» **Problem to solve**: Exactly retype the lines of the material from its first line to the line with "Illustration on the", including both.

» **Listed entries**:
-=-=-
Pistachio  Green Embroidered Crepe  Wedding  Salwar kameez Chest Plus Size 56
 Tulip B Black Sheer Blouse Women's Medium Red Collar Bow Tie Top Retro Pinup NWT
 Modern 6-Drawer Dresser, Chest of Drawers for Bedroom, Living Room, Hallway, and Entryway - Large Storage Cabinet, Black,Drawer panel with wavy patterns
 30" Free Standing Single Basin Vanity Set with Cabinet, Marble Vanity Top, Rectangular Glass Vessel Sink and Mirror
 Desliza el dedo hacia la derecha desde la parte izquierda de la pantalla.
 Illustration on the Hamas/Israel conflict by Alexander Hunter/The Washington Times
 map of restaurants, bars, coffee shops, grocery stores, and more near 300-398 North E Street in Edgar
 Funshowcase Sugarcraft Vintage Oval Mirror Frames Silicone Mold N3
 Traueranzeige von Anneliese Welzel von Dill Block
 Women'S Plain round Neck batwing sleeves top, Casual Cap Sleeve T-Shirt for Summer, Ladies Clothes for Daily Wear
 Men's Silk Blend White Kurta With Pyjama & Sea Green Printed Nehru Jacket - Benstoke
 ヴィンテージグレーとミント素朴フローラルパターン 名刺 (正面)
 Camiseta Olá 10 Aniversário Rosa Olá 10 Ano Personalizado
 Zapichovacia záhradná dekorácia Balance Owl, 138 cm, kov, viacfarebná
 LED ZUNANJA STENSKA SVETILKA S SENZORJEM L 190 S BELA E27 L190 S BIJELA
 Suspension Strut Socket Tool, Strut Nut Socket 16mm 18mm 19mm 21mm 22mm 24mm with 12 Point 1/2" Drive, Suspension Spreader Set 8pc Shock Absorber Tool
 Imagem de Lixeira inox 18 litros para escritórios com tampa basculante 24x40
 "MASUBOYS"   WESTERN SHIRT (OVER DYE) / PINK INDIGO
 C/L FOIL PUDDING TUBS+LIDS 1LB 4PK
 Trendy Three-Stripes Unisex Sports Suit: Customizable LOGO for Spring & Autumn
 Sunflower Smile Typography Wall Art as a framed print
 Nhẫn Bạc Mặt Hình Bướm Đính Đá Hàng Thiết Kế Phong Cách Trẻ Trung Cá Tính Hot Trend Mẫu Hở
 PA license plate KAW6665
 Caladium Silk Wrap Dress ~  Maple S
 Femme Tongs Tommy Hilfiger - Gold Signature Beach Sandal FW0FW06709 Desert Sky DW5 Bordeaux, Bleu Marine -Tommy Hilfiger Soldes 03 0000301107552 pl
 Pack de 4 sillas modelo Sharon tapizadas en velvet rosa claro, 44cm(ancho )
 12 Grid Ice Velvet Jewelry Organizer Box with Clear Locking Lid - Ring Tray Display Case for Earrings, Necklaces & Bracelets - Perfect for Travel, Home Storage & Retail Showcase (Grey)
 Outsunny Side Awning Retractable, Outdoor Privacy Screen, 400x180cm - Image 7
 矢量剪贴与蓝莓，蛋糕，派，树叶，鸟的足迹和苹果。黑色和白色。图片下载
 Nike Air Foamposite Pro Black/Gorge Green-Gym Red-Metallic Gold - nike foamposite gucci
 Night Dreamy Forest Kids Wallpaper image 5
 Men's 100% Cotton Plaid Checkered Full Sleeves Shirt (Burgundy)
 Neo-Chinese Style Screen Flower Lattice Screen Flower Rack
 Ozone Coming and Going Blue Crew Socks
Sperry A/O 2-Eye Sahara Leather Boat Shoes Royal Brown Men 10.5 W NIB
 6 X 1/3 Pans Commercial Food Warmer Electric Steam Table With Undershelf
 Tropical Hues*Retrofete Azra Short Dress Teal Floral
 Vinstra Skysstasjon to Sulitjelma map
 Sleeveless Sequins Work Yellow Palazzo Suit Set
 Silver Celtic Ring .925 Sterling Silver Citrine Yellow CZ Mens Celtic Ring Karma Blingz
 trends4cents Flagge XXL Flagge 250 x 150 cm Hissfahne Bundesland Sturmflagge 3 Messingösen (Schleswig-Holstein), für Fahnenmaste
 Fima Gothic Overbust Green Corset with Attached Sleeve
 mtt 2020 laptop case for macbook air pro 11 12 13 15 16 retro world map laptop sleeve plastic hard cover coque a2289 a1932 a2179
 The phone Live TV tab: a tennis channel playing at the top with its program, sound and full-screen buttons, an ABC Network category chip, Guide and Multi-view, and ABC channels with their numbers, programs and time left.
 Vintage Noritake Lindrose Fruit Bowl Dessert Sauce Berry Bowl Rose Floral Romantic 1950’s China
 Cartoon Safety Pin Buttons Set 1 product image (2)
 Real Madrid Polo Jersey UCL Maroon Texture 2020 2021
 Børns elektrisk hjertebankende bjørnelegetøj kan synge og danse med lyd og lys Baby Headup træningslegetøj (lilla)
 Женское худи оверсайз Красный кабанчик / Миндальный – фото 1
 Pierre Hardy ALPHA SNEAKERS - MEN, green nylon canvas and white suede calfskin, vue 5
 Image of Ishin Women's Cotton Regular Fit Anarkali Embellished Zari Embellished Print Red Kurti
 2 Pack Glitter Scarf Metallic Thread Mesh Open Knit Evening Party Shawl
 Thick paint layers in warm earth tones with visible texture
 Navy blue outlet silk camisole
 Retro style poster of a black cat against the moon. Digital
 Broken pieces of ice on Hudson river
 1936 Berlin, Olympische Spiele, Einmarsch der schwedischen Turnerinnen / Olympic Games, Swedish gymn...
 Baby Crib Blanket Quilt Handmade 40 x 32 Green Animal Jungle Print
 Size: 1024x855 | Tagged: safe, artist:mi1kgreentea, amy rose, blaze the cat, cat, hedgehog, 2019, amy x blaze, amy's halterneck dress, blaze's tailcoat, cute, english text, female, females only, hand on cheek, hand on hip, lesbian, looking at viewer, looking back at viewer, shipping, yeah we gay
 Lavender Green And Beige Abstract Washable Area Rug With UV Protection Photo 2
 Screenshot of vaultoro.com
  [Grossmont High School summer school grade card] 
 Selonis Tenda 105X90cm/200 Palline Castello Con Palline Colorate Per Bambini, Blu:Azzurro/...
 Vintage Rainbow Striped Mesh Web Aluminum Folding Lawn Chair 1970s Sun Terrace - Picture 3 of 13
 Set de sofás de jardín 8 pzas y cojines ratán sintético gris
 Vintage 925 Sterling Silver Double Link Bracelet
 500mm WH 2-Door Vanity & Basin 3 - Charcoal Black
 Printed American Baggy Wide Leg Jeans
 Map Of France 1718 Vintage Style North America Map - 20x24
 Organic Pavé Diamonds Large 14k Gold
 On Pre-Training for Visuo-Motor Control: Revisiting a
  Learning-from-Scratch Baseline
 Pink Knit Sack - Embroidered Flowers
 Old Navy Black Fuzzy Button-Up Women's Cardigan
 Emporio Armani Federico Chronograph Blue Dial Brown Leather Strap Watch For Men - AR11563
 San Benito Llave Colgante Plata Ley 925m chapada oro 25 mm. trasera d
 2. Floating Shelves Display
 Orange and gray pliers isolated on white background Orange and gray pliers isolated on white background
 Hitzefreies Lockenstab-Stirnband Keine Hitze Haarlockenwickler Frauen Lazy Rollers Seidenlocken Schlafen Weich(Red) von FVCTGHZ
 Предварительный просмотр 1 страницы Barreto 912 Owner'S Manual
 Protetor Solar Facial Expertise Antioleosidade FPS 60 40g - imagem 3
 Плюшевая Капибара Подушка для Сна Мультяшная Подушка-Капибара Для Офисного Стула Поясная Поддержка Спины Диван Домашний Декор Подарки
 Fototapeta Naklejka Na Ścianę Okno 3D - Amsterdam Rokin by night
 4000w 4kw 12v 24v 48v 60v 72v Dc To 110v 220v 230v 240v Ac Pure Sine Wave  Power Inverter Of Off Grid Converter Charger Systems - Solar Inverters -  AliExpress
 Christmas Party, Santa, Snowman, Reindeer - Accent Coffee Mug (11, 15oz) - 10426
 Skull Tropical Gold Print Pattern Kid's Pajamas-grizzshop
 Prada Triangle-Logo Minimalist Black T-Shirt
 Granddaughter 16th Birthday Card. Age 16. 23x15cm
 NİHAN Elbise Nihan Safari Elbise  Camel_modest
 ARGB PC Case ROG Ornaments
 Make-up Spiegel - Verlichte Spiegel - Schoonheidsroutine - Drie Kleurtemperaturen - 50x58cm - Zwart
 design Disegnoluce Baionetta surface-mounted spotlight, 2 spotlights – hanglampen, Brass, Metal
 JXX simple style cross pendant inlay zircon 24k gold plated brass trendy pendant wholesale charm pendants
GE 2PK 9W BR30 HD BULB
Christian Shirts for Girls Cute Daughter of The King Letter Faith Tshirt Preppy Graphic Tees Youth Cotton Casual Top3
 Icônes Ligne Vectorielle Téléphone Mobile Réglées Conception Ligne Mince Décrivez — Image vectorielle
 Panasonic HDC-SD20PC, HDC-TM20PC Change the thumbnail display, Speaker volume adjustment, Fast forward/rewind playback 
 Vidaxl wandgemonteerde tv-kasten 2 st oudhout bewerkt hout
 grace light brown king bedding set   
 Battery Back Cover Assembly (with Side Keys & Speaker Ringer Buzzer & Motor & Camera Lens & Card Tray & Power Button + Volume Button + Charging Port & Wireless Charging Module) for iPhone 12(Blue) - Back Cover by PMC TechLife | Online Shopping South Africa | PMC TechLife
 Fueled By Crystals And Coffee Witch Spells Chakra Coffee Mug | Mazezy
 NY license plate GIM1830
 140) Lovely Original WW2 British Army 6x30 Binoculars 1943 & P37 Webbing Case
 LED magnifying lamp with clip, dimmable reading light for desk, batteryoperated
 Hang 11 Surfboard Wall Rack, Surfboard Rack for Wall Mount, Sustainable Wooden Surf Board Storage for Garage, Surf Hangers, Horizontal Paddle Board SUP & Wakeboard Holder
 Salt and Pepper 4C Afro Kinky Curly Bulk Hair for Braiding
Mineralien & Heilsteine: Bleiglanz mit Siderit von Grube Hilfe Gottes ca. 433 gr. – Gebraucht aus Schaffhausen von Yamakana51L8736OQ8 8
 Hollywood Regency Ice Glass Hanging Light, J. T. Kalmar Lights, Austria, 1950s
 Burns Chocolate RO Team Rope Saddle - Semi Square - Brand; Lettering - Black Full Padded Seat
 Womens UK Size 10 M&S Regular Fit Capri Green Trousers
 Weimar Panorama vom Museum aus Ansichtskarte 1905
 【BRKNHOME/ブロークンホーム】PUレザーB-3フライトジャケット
-=-=-
» **Exercise response**:
Pistachio  Green Embroidered Crepe  Wedding  Salwar kameez Chest Plus Size 56
 Tulip B Black Sheer Blouse Women's Medium Red Collar Bow Tie Top Retro Pinup NWT
 Modern 6-Drawer Dresser, Chest of Drawers for Bedroom, Living Room, Hallway, and Entryway - Large Storage Cabinet, Black,Drawer panel with wavy patterns
 30" Free Standing Single Basin Vanity Set with Cabinet, Marble Vanity Top, Rectangular Glass Vessel Sink and Mirror
 Desliza el dedo hacia la derecha desde la parte izquierda de la pantalla.
 Illustration on the Hamas/Israel conflict by Alexander Hunter/The Washington Times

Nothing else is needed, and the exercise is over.